We know that you have collaborated with Kiarostami in his workshops?
I produced two workshops with him in Cuba and Barcelona. So the festival invited me to give a lecture about the workshops we did and to present some of the works of the students made during the workshops in Colombia, Cuba and Barcelona. He used to say to the students that “I don’t have anything to teach you. You just have to look and look, go outside and look very carefully” and then he would be with them in all the process from the beginning of the ideas till the editing. And on the last days of the workshop we would present all the shorts which were made during those 10 days.
Our workshops were international so we had a lot of people and young authors from all over the world. The idea was to create an environment for them to talk to Kiarostami who always motivated them to keep working on their ideas and their unique way of thinking.
How was the outcome of those workshops?
It was great. From those short films we selected 15 each and sent them to festivals. We had lots of festivals to attend and it was really nice. For instance, last year we went to the Festival del Film Locarno. We did premiere the short films made in Cuba. It was a huge screen and the place was packed with people and it felt really nice.
What about his own cinema or Iranian cinema? Do you know any other director?

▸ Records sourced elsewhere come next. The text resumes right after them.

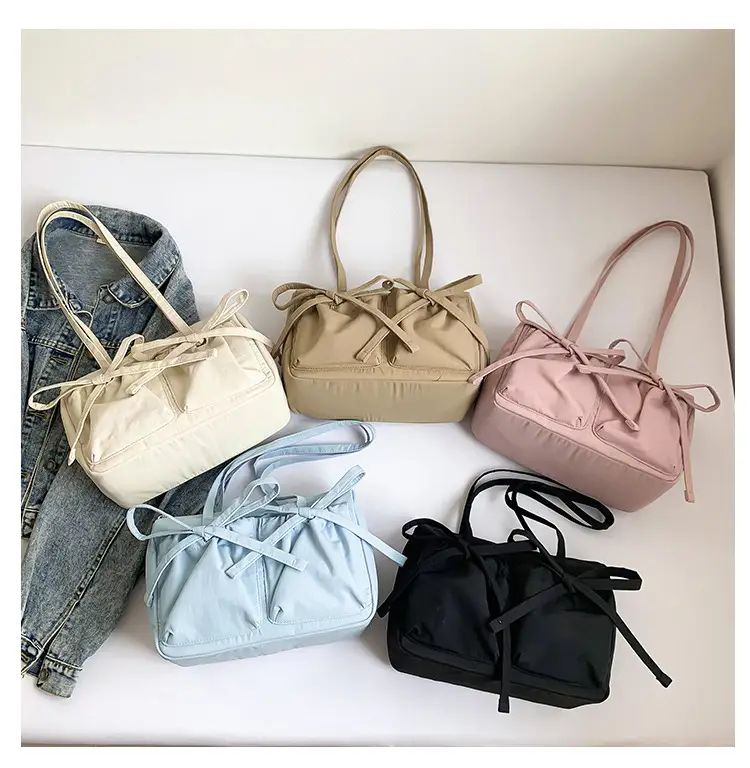 Pink Bow Shoulder Bag for Women Large Capacity Casual Commuter — feature 9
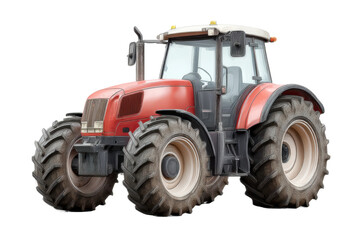 Obraz premium Red tractor with large tires and cabin on black background, cut out
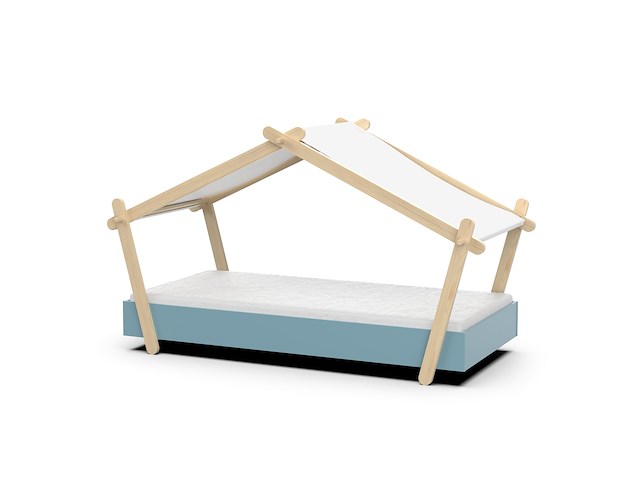Kinderbed lodge | 223,2 x 105,5 x 129,7 cm | blauw-wit - afbeelding 3 van  7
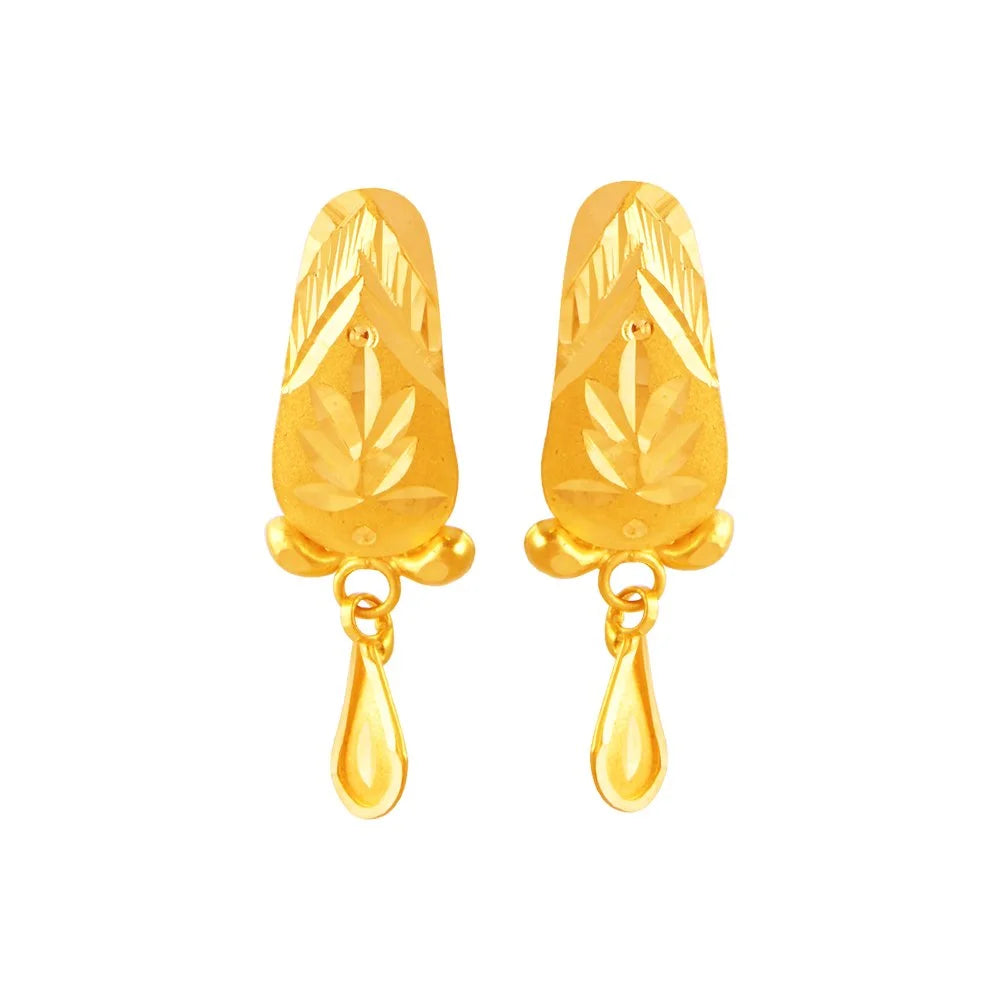 Handcrafted Pearl Earrings-22KT (916) Yellow Gold Stud Earrings With Artistic Floral Motifs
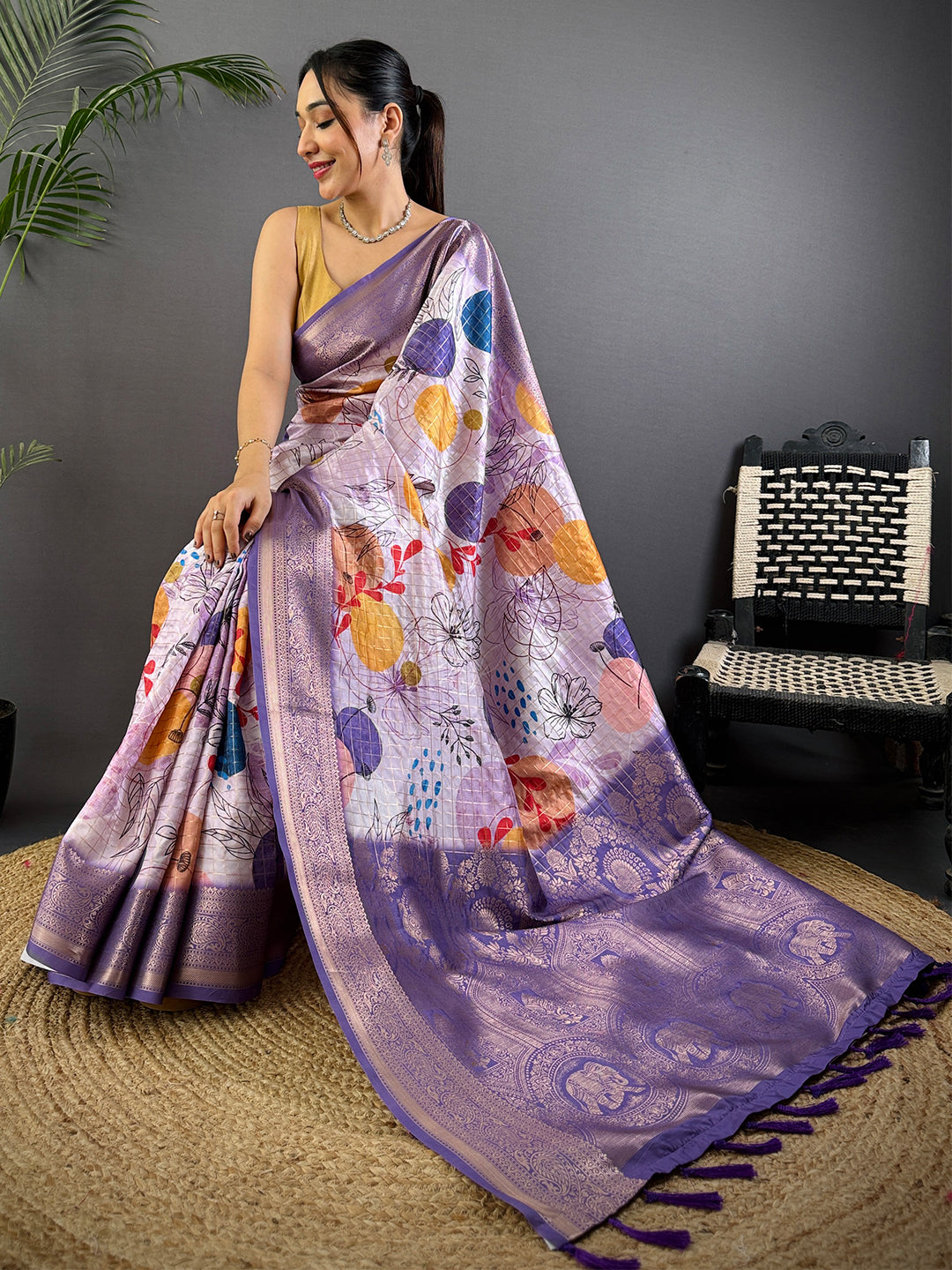 Lavender Freehand Design Gadwal Saree by My Store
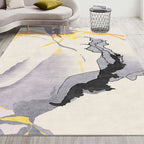 Grijze Abstracte Vloerkleed Polyester Moderne Vloerkleed Wasbaar Antislip Huisdiervriendelijk Vloerkleed voor de Woonkamer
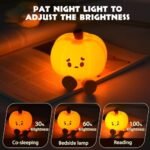Pumpkin Night Light LED Lamp, Rechargeable Silicone Nightlight for Kids - Image 7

No, not really. I wish I was more connected with Iranian cinema. Kiarostami used to read his poems for us and I really got attached to them so I got into searching and looking into Iranian poems. So not much cinema but I got attached to the poems. I think his cinema is based on poetry and the form of his movies is really poetic. It’s really amazing. From what I saw and experienced, you have an extraordinary way of using and blending music and poetry to create a particular atmosphere and feeling. The movements of images, sounds and words are special.
Working with Kiarostami made you interested in Iranian literature then?
Of course. As I said, I started with Kiarostami’s poems which luckily were translated in Spanish.
Did Fajr meet your expectations?
It’s a huge festival and it’s really impressive and well-organized. People are helpful and friendly. You feel really familiar with the place and you feel that you already know everywhere and everyone. Usually in big festivals like this you don’t feel this much familiarity. There are some tours that they have organized to see Tehran. We have a very good tour guide and organizer.
Are you looking for co-productions with Iranian filmmakers?
Yes. I have met one of the students of Kiarostami. She is making a documentary. We have agreed to work together.
Presided over by Reza Mirkarimi, the 35th edition of Fajr International Film Festival is presently underway in Tehran until 28 April.